THE expert who predicted the property crash has warned that a banking project could shut many small businesses.
Professor of economics at UCD Morgan Kelly said many firms would be forced to close their doors if the European Central Bank (ECB) pressed ahead with a "clean-up" of Irish banks.
He claimed that the Frankfurt-based ECB planned a "trial run" in Ireland in which it would take action against the banks' distressed loans.
Prof Kelly said that if there were any such project, a lot of small and medium enterprises would "go under".
And he claimed Ireland could be facing something "very horrible quite soon" and that a "big chunk of the Irish economy could be wiped out in one go".
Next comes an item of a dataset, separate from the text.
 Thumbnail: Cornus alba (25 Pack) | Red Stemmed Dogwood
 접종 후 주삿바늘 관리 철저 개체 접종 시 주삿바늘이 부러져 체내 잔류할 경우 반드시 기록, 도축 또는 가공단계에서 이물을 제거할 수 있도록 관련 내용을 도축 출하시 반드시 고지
"This is a potentially enormous problem that nobody seems to care about," he added.
David Hall, of the Irish Mortgage Holders Association (IMHA), backed the claims and said there would be a devastating effect on employees and the wider economy if businesses went to the wall.
"We have many people with us in the IMHA who have staff and workers going around the factories and shops thinking everything is good and that they are busy, not realising that their owners are being sucked dry by banks," he added.
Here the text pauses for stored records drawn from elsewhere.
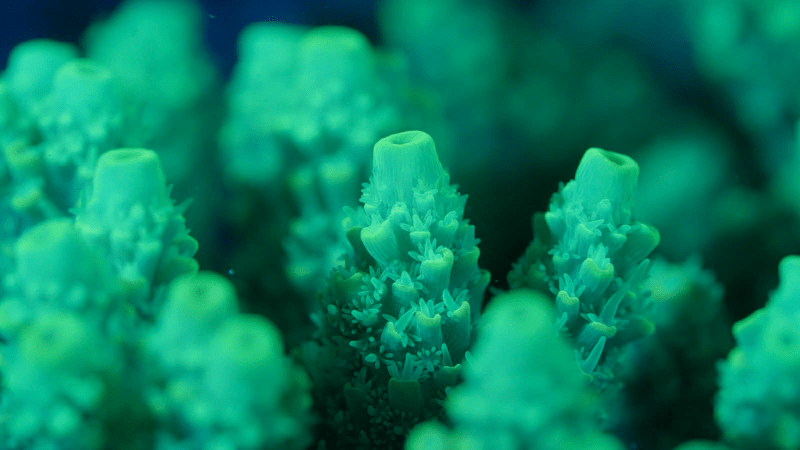 Close-up of vibrant green coral polyps underwater.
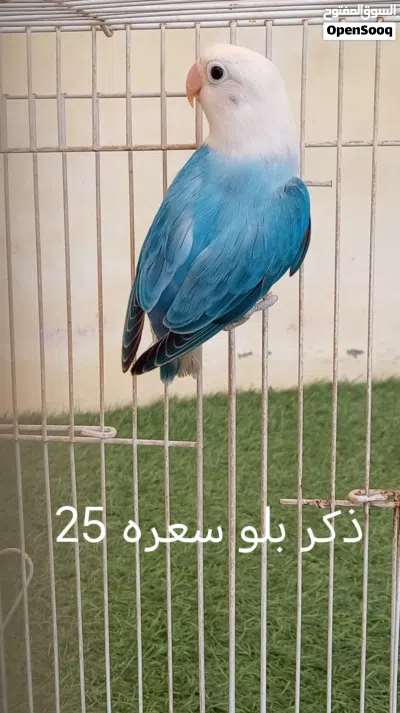 فيشر للبيع 3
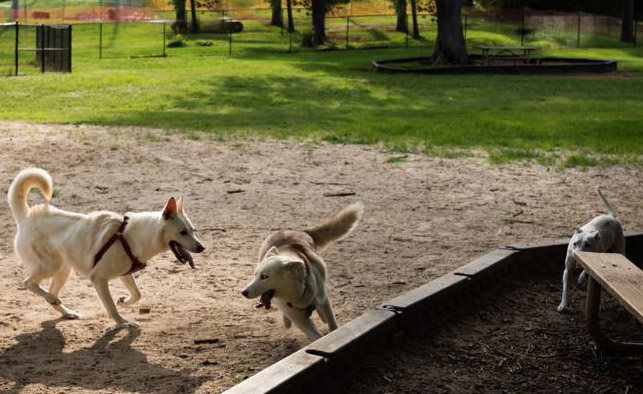 Washington Park dog park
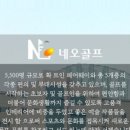 네오스크린골프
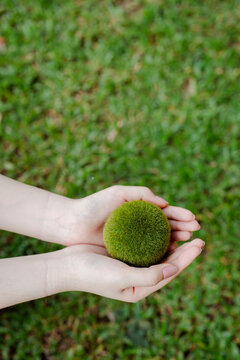 Hands gently cradling a small green globe, symbolizing ecology, sustainability and stewardship of the planet, highlighting conservation, renewable future and care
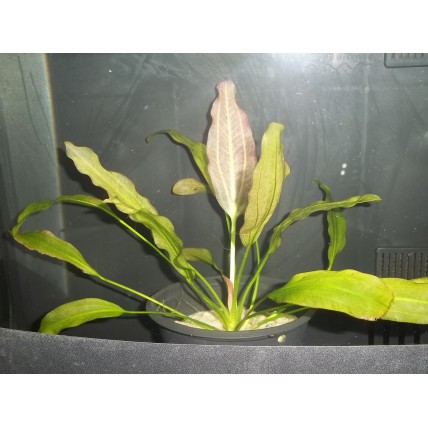 Planta Echinodorus oriental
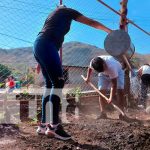 Realizan siembra de hortalizas en centros escolares de Jinotega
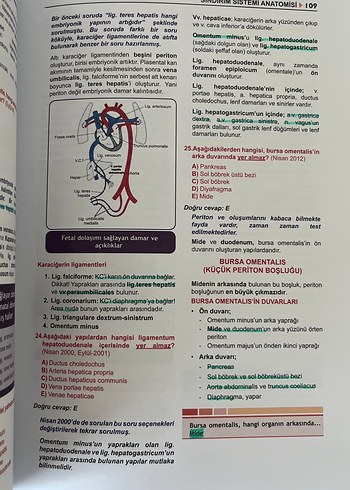 Tüm TUS Soruları Anatomi - Görsel 3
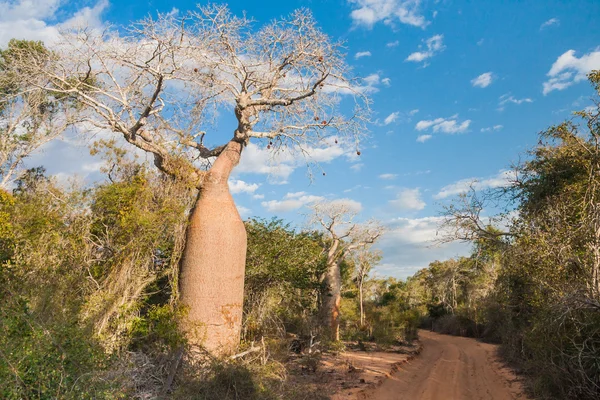 Baobab tree and savanna — Stock Photo, Image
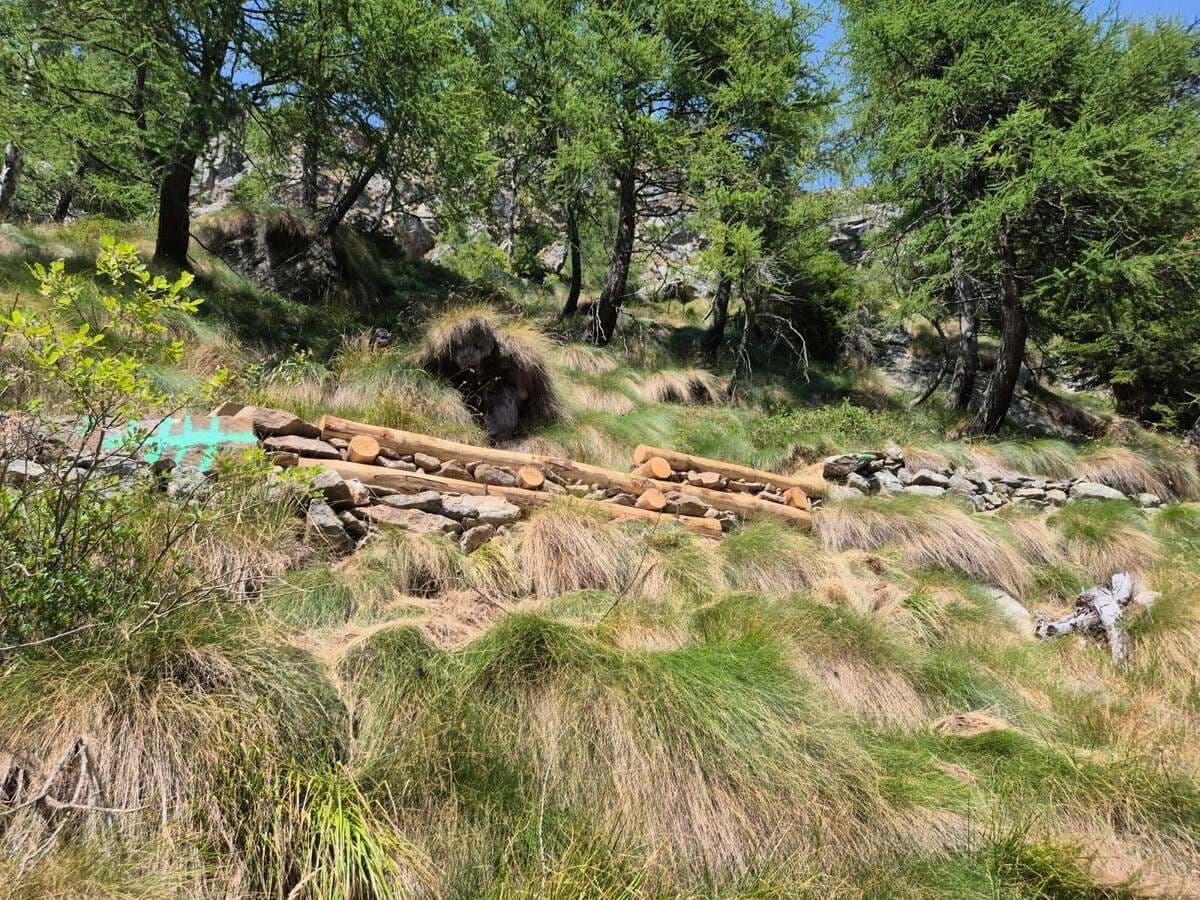 Rosazza, concluso l’intervento di manutenzione ordinaria del sentiero che porta al colle della Gragliasca FOTO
"A day of reckoning will come – and that may be very soon."
But despite criticising the ECB, Prof Kelly said its head Mario Draghi was behind the recent improvement in our economy – not the Government.
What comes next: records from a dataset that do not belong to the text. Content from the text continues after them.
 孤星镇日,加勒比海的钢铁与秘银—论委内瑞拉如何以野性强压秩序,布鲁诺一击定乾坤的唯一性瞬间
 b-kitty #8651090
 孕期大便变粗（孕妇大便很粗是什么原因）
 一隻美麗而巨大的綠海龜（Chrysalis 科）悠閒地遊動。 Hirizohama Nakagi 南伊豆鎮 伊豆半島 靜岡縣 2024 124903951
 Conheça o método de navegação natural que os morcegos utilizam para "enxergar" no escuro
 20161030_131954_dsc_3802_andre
"The ECB has basically kept pumping that sweet, sweet credit into our veins and we haven't had the real crisis yet," he told students at a question-and-answer session at UCD.
But Social Protection Minister Joan Burton appeared to reject claims that the small business sector faced a dire future.
Speaking on RTE's The Week in Politics, Ms Burton said she would have to be convinced that there had been a change of policy at the ECB.
She said ECB boss Draghi's promise of a bond-buying programme had staved off the eurozone crisis, and that there was no absolutely no reason for him to move away from his overall approach now.
The minister added she hoped Prof Kelly had been erring on the pessimistic side.